BRIEF —
Produce an exact transcription of the data, with the images left out.

DATASET CONTENT —
******************************

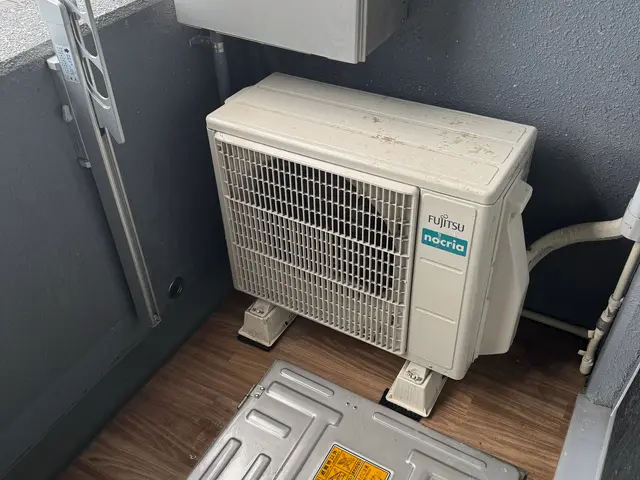 【最短当日お伺い】鳩避けネットや徹底清掃！プロの技術でベランダの平和を取り戻す！サービスの画像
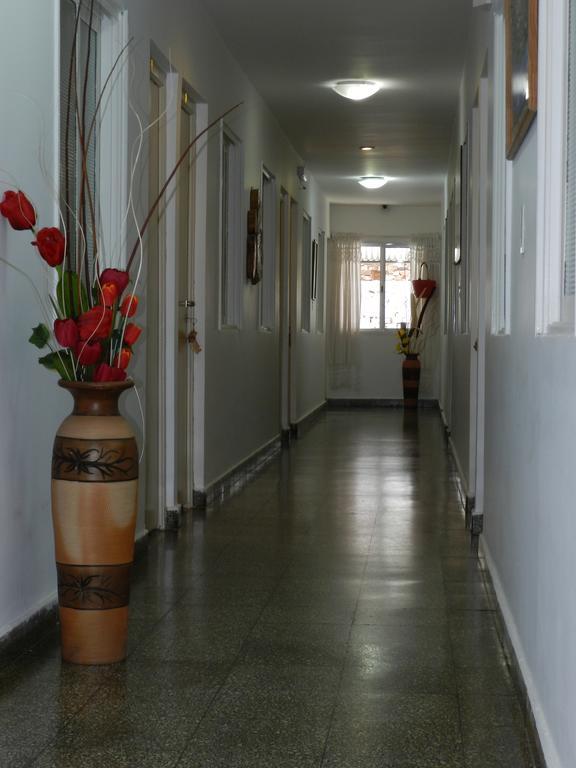 Hotel Colon Посадас Екстериор снимка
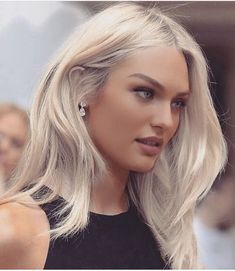 Blonde Eyebrows, Ash Hair Color, Ice Blonde, Ash Blonde Hair, Trendy Hair Color, Grey Hair Color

******************************

RESULT FOR THIS TASK —
 【最短当日お伺い】鳩避けネットや徹底清掃！プロの技術でベランダの平和を取り戻す！サービスの画像
 Hotel Colon Посадас Екстериор снимка
 Blonde Eyebrows, Ash Hair Color, Ice Blonde, Ash Blonde Hair, Trendy Hair Color, Grey Hair Color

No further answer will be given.